RECORDED DATA section start

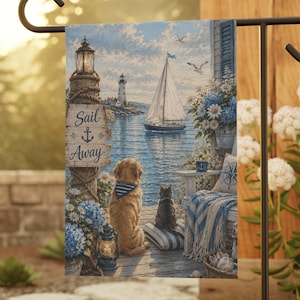 May include: A garden flag featuring a coastal scene with a lighthouse, sailboat, and the text "Sail Away." A golden retriever and a black cat are depicted on a wooden dock. The flag is displayed on a black metal stand, surrounded by greenery.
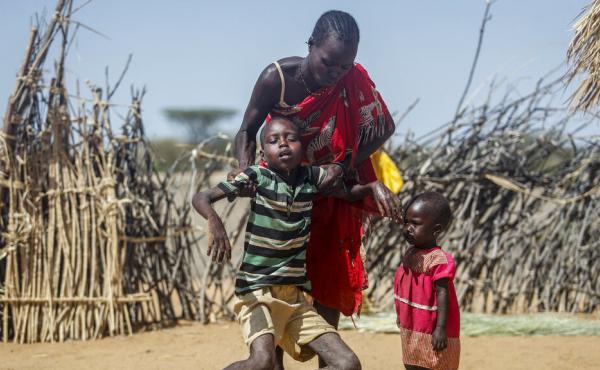 A mother helps her malnourished son stand after he collapsed near their hut in the village of Lomoputh in northern Kenya on Thursday. A severe drought and spiking food prices are causing a humanitarian emergency in the Horn of Africa. A mother helps her malnourished son stand after he collapsed near their hut in the village of Lomoputh in northern Kenya on Thursday. A severe drought and spiking food prices are causing a humanitarian emergency in the Horn of Africa.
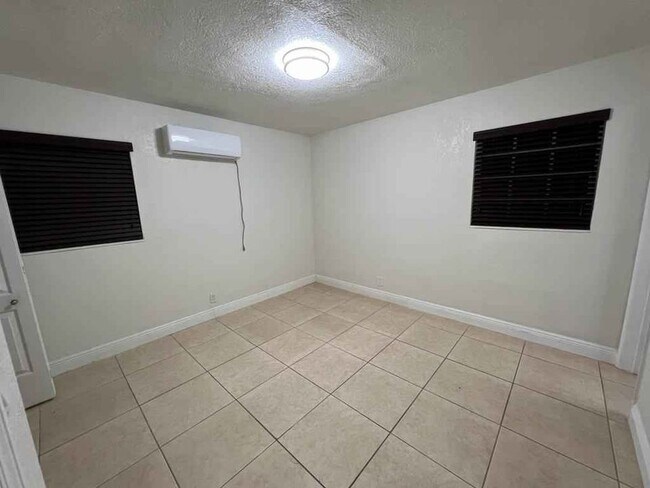 Building Photo - 6870 SW 5th Ct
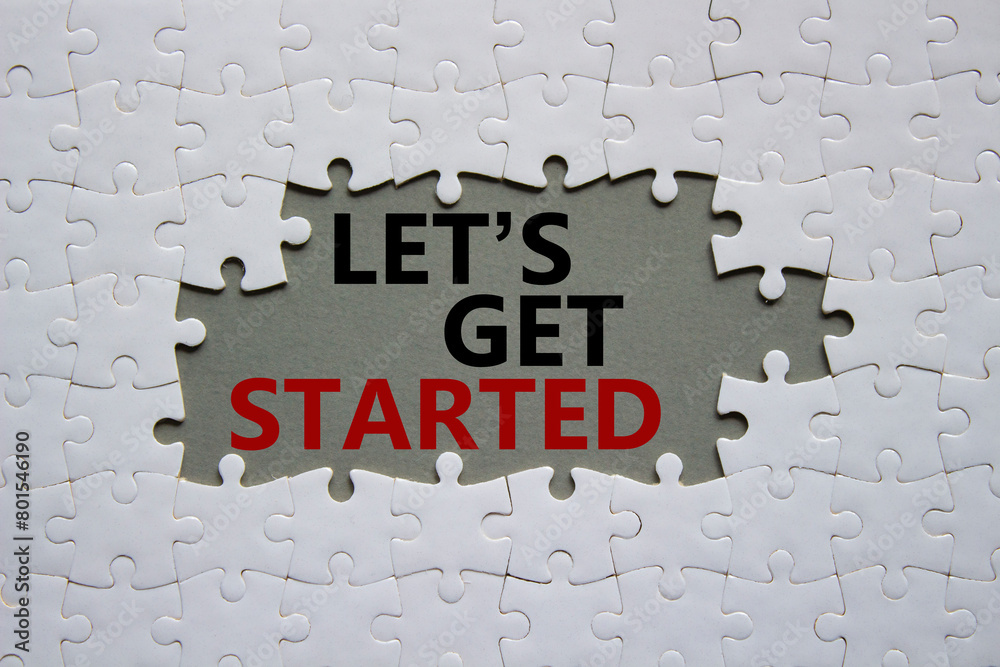 Wall mural lets get started symbol. concept words lets get started on white puzzle. beautiful grey background. 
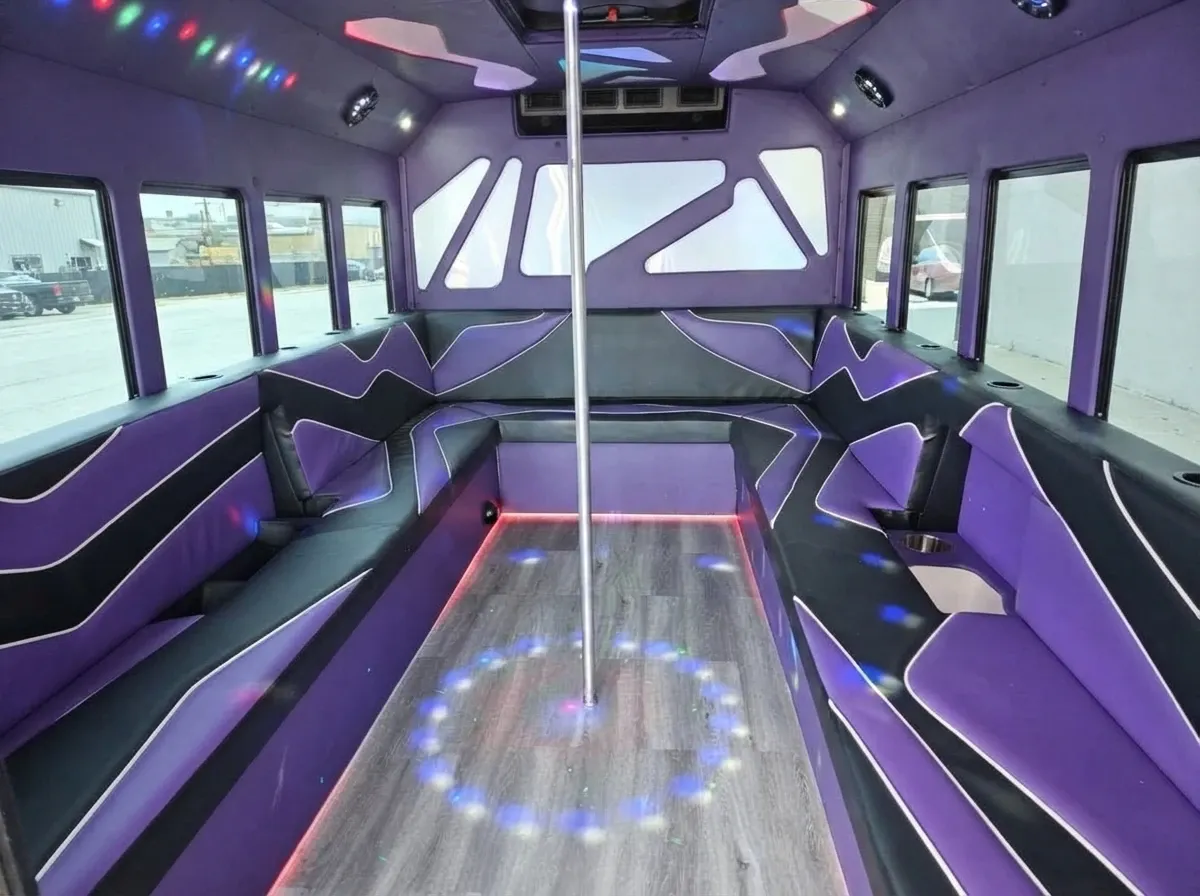 White Purpleline Party Bus Purpleline Party Bus in white, available to rent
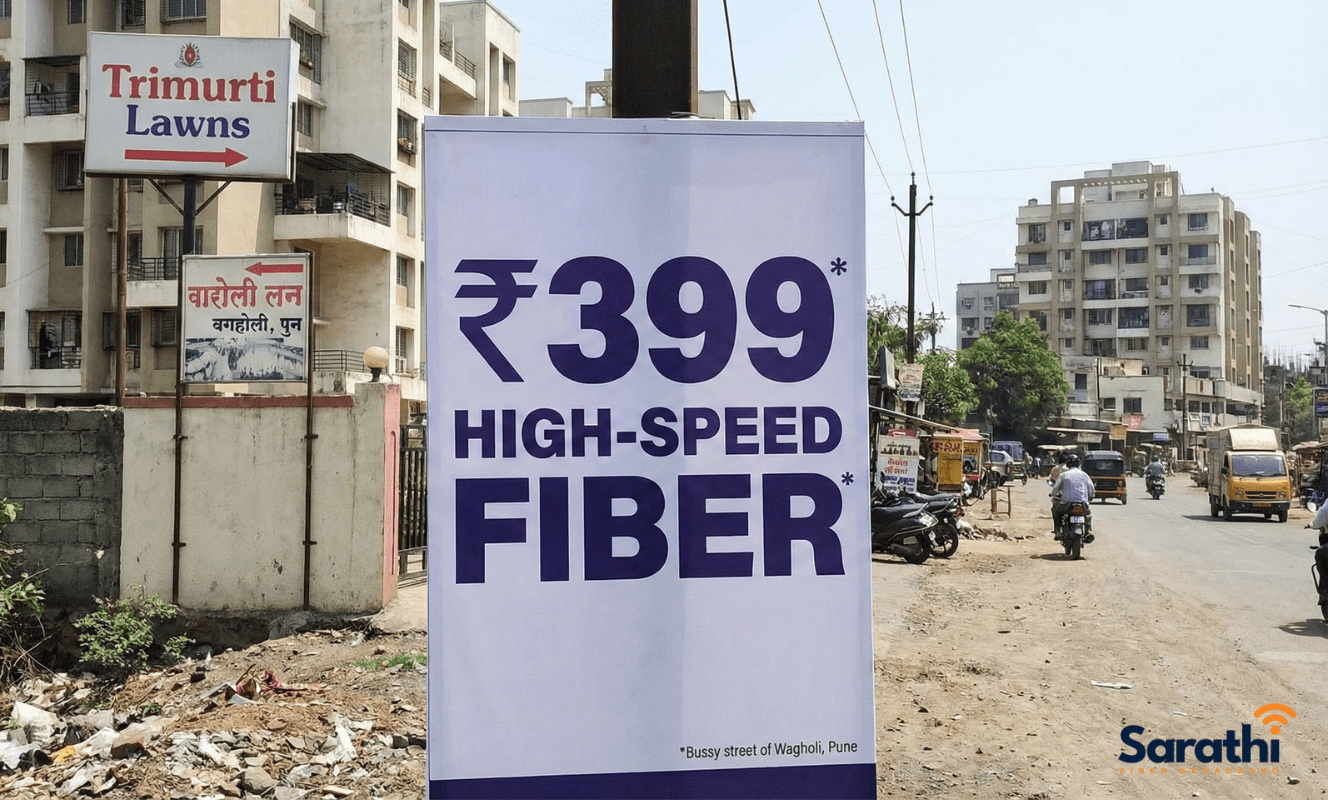 A roadside banner in Wagholi, Pune, advertising "₹399 HIGH-SPEED FIBER" with a small asterisk, located near Trimurti Lawns.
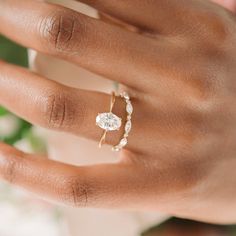 a woman's hand holding a ring with a diamond in it and pearls on the band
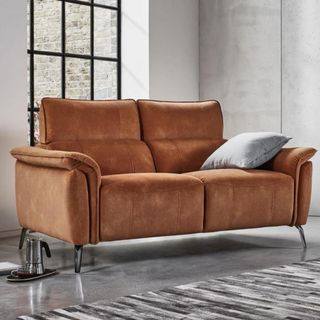 A tan sofa in a grey living room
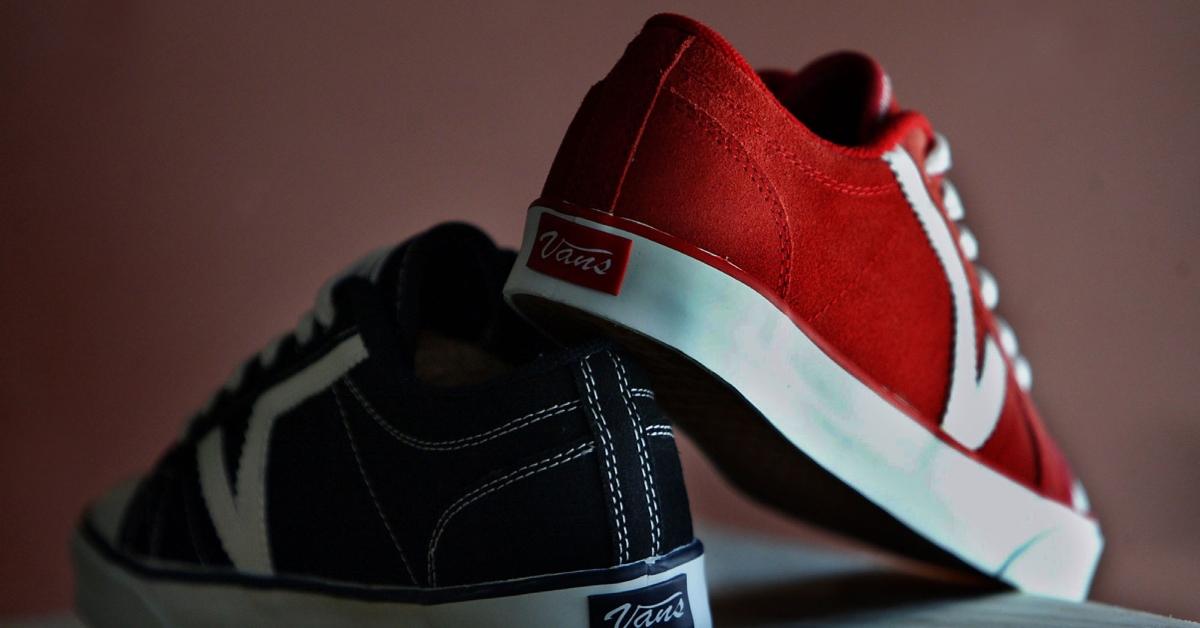 A professional photo of the back of two Vans shoes, with a black and white left shoe and a red and white right shoe.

RECORDED DATA section end

● PROBLEM:
Restate all of the material word for word, leaving every picture out.

● EXERCISE RESPONSE:
 May include: A garden flag featuring a coastal scene with a lighthouse, sailboat, and the text "Sail Away." A golden retriever and a black cat are depicted on a wooden dock. The flag is displayed on a black metal stand, surrounded by greenery.
 A mother helps her malnourished son stand after he collapsed near their hut in the village of Lomoputh in northern Kenya on Thursday. A severe drought and spiking food prices are causing a humanitarian emergency in the Horn of Africa. A mother helps her malnourished son stand after he collapsed near their hut in the village of Lomoputh in northern Kenya on Thursday. A severe drought and spiking food prices are causing a humanitarian emergency in the Horn of Africa.
 Building Photo - 6870 SW 5th Ct
 Wall mural lets get started symbol. concept words lets get started on white puzzle. beautiful grey background. 
 White Purpleline Party Bus Purpleline Party Bus in white, available to rent
 A roadside banner in Wagholi, Pune, advertising "₹399 HIGH-SPEED FIBER" with a small asterisk, located near Trimurti Lawns.
 a woman's hand holding a ring with a diamond in it and pearls on the band
 A tan sofa in a grey living room
 A professional photo of the back of two Vans shoes, with a black and white left shoe and a red and white right shoe.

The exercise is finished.